We were pleasantly surprised at how easy it was to go about in English especially with the younger generations. Driving was a breeze and the roads were of fine quality throughout. My most memorable experiences were the stunning terraced waterfalls and lakes in the Plitvice Lakes National Park, our sea facing apartment in Cricvenica, watching the Croatia knockout match in the FIFA world cup with locals in a pub, eating the famous cream cakes in the picture perfect Slovenian jewel of Lake Bled, the cliffhanging castle at Predjama and many more.
Some tips for anyone planning this or a similar trip around Europe.
While package tours have their merits I am completely in favor of a self-planned trip. In fact the more enjoyable part of the trip it the research and planning stages. Package tours typically stick to the cities and the tourist bus circuits and ignoring the charming countryside with its lush green countryside and quant villages with history seeped in its every nook and corners.
Split your trip into 4-5 hubs where you stay for about 3 nights each and explore the areas around that hub. As far as possible limit the big cities to one or two unless you are majorly interested into the history and architecture. Any place has a touristy part and the resident part. Ideally spend a day ticking off the main tourist areas of interests and keep one day to explore the areas which are not frequented by tourists. While in Budapest we found this charming hill railway exclusively operated by school kids and the awesome Budapest Circus. We also spend some time aimlessly going on public transport buses and trams. This is where we actually got a feel of the real city of Budapest.
While public transport in Europe is generally good, renting a car gives immense flexibility to completely immerse into this rich treasure. Driving is pretty straight forward as long as you follow the basic rules around speed limits and lane discipline. If driving in not your cup of tea, spend some time in evaluating the various rail passes and benefits. Another good alternative is to take trains on the longer hub to hub portions of the itinerary and hire cars around at the hubs.
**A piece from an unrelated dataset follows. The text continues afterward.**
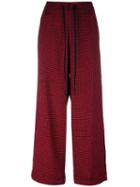 Ultràchic Wide Leg Trousers, Women's, Size: 38, Red, Polyester/spandex/elastane/wool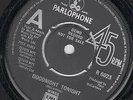WINGS (PAUL MCCARTNEY'S GROUP) Goodnight Tonight 7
I would highly recommend the local Bed and Breakfasts or Apartments in Europe as a great option over the typical 3-4 star touristy hotels. These are extremely easy to find in every small corner and give the unique opportunity to closely interact with locals and possibly make new friends.
The most important part is not too cram too much into a day. In my experience my most memorable experiences are those idyllic village pubs and the interactions with the charming locals. Give yourself ample time in a local café or a pub and don’t hesitate to talk to the locals. This would stay with you far longer than any castle or park. Keep an open flexible mind without any fixation around visiting specific spots and enjoy the journey rather than the destination.